_WHAT IS BEING ASKED_
An exact copy is needed of the lines from the one that contains "Although schema is" through the final line of the data below, with pictures left out.

*** Opening of EXERCISE MATERIALS ***

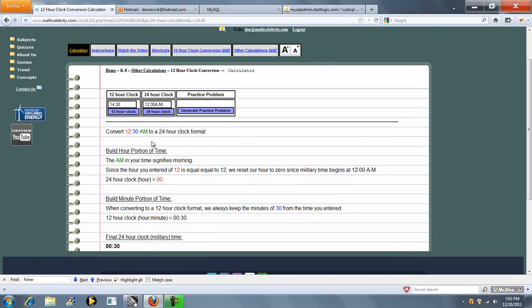So what we do is we color code each piece to kind of show you how we're converting time. A.m. signifies morning. The hour we enter is 12, and the minute is 30. So this is the military time.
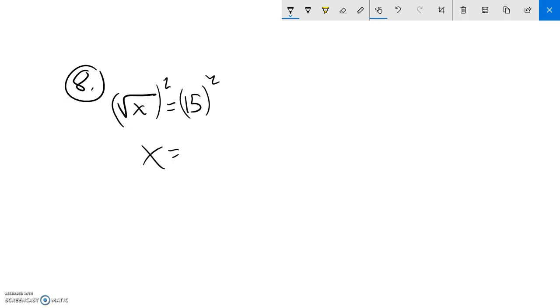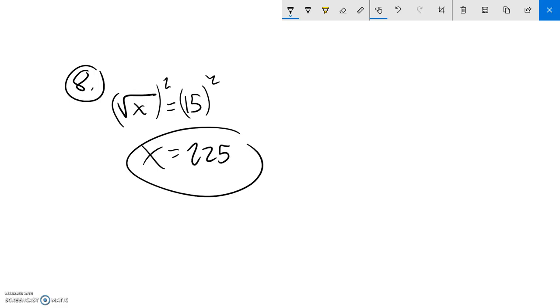15 squared is 225 — I either know that or do it on my calculator. So x is equal to 225, and that's my answer. Notice there's no plus or minus case here; it's just positive because I'm taking the square root.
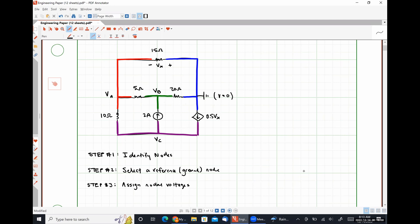A nodal voltage is the potential difference between that node and ground. VA is the voltage anywhere along the red node with respect to the blue node. VA could be thought of as the voltage drop across the 15-ohm resistor with positive polarity on the left, or as the combined voltage drop across the 5-ohm and 20-ohm resistors — any path from node A to ground.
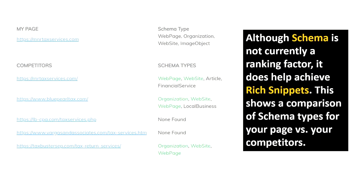Although schema is not currently a ranking factor, it does help achieve rich snippets. This screen shows a comparison of schema types for your page versus your competitors — what schema types your page has and what the competitors use. There are a couple of sites here that don't have any schema at all.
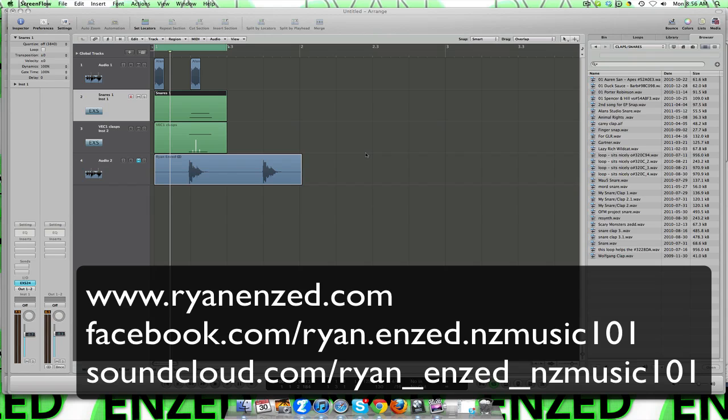Alright, the other day I posted up a tutorial on how to make a kick drum. So it only seems natural that I now do one on how to make a snare drum. There's been a few requests for that now, so I will do that.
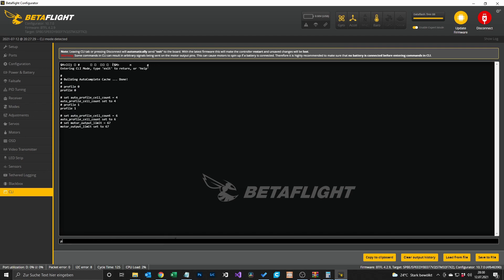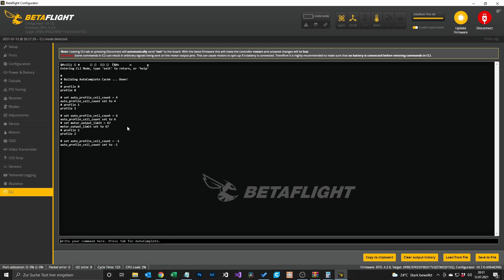Then type 'profile 2', which is profile 3 in the PID tuning tab. Here we set auto_profile_cell_count = -1. This means if neither a 4s nor a 6s battery is plugged in, the quad will automatically fall back to profile 3. Then hit save.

*** Close of EXERCISE MATERIALS ***

_EXERCISE RESULT_
Although schema is not currently a ranking factor, it does help achieve rich snippets. This screen shows a comparison of schema types for your page versus your competitors — what schema types your page has and what the competitors use. There are a couple of sites here that don't have any schema at all.
Alright, the other day I posted up a tutorial on how to make a kick drum. So it only seems natural that I now do one on how to make a snare drum. There's been a few requests for that now, so I will do that.
Then type 'profile 2', which is profile 3 in the PID tuning tab. Here we set auto_profile_cell_count = -1. This means if neither a 4s nor a 6s battery is plugged in, the quad will automatically fall back to profile 3. Then hit save.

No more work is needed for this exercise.